On behalf of OWW, Mr. Luken and the Dinsmore appellate team successfully obtained a stay of the contempt order from the Federal Circuit, which allowed OWW to begin selling its products again. After briefing and argument, the Federal Circuit reversed the lower court’s judgment and dismissed the complaint for lack of standing, thereby overturning the judgment against OWW. Mr. Luken also successfully opposed a petition for rehearing and rehearing en banc.

Class Action Lawsuit

Obtained beneficial settlement of shareholder class action lawsuit by City of Pontiac General Employees' Retirement System seeking to preclude the sale of assets in multi-million dollar transaction. In a related matter, successfully defended against a motion for preliminary injunction where management company sought to delay termination of a management agreement in light of the pending sale of assets. 
 

Unique defense of medical monitoring case leads to case dismissal

Our railroad client was sued in state court under the Federal Employers Liability Act (FELA) for medical-monitoring damages in a supposed class action case brought for all present and past employees who were exposed negligently to deleterious airborne substances at work but who had not yet developed any disease. Railroad employees are compensated for work-related injuries under the FELA instead of state workers’ compensation systems. A FELA case is treated like any other civil lawsuit, with extensive discovery and trial to a jury.

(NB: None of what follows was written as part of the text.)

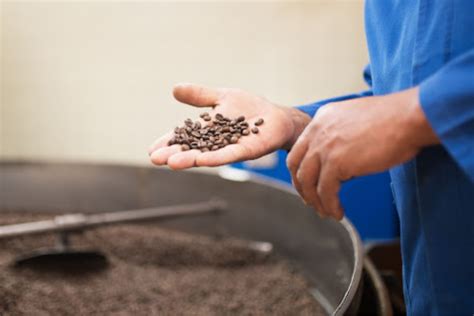 Coffee Roasting Process - Steps, Methods, and Techniques – Chariot Coffee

Although the federal removal statute specifically says that FELA cases cannot be removed from state court to federal court, we filed a petition for removal anyway, on the grounds that the case could not be a FELA case since an essential element of a FELA case is “injury” and the plaintiffs alleged that they were only exposed, but had no injury. In other words, just because plaintiffs said the case was a non-removable FELA case did not necessarily make it one. We then moved to dismiss the case on the grounds that the FELA occupied the field for claims about workplace negligence, but since it required the existence of an injury and the plaintiffs affirmatively alleged that they had none, they had failed to state a claim. The judge agreed, refused to remand the case to state court, and dismissed the case for failure to state a claim.

Plaintiffs’ counsel filed a Notice of Appeal to the Fourth Circuit Court of Appeals, then abandoned it.